→ Exercise objective: Starting with the line with "Em Amarante IRA" in the entries below and going on through the line with "2025年的跟极融贷一样的平", output every line exactly and nothing more. No pictures.

→ Task input:

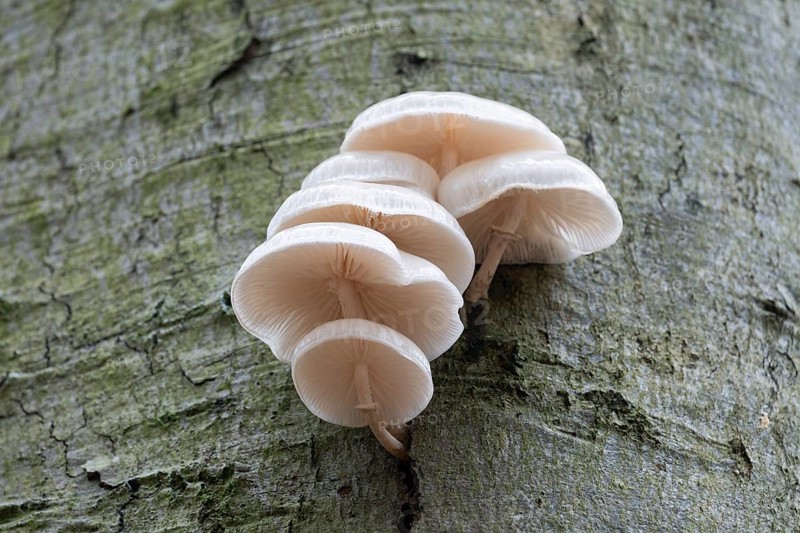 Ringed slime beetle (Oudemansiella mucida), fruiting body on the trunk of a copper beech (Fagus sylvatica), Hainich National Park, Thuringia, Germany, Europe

* * *

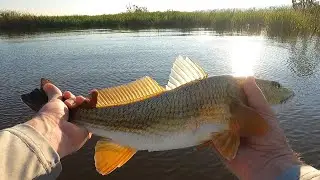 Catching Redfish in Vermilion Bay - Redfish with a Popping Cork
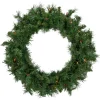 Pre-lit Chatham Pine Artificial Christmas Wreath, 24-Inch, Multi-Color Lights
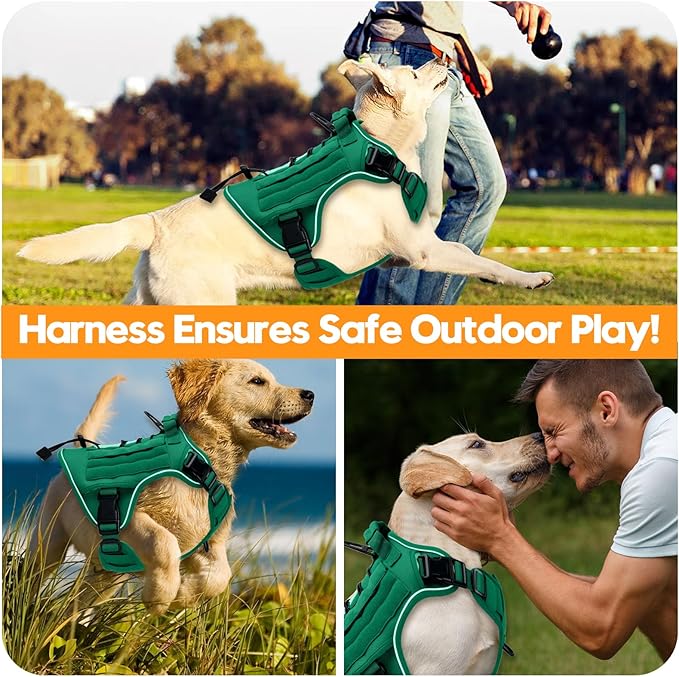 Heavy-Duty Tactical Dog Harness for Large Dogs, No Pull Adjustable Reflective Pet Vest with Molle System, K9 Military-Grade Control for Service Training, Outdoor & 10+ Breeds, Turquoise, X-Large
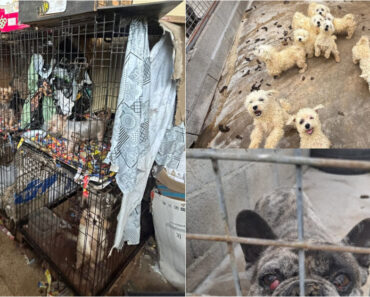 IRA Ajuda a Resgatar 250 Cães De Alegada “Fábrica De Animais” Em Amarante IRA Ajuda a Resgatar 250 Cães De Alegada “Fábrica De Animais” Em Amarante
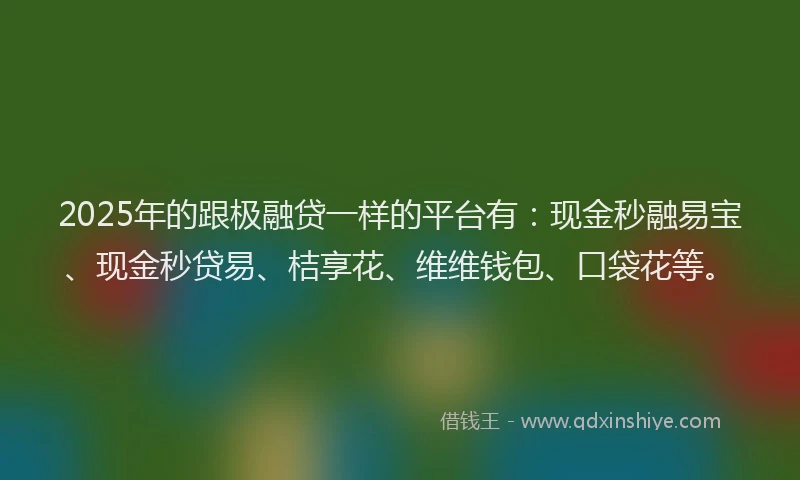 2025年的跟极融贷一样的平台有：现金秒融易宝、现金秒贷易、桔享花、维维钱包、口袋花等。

==

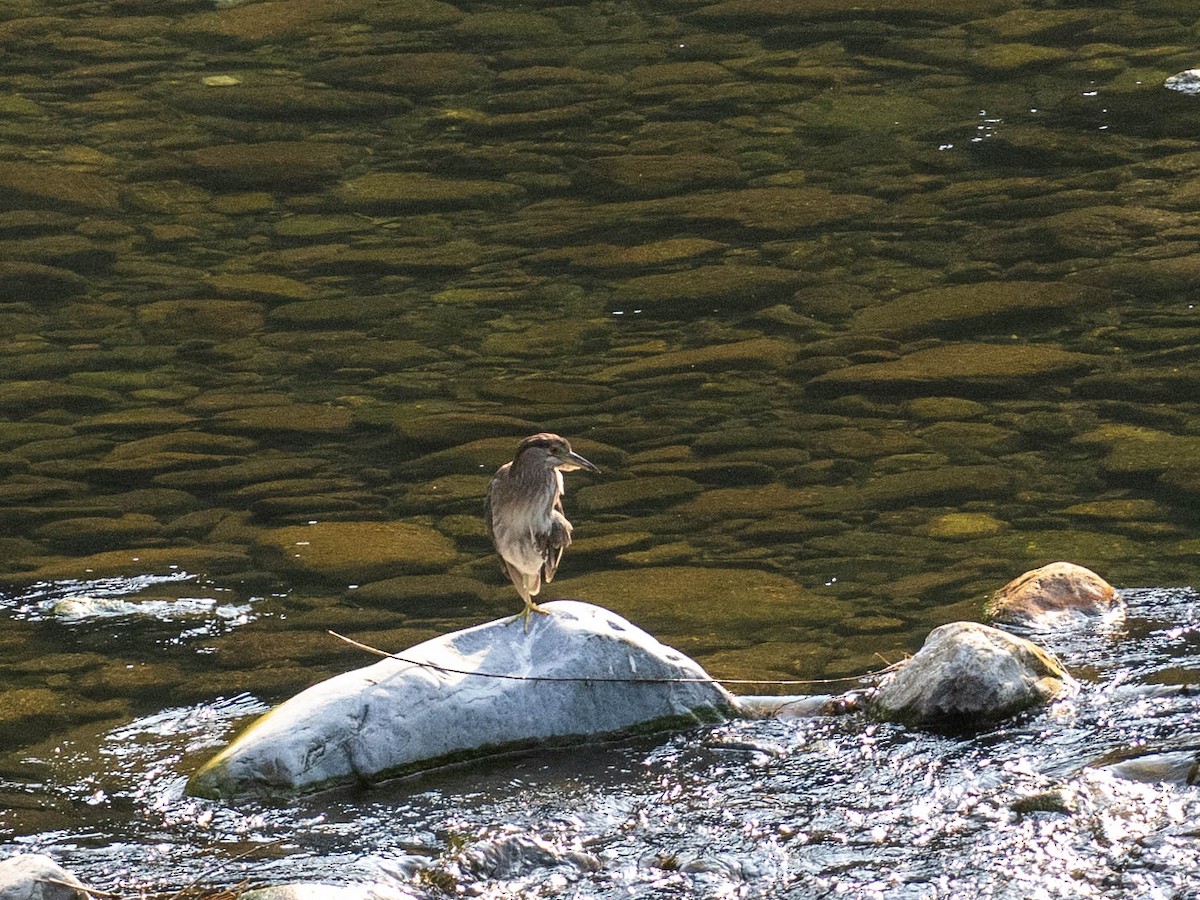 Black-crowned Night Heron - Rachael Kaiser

→ Exercise answer:
 IRA Ajuda a Resgatar 250 Cães De Alegada “Fábrica De Animais” Em Amarante IRA Ajuda a Resgatar 250 Cães De Alegada “Fábrica De Animais” Em Amarante
 2025年的跟极融贷一样的平台有：现金秒融易宝、现金秒贷易、桔享花、维维钱包、口袋花等。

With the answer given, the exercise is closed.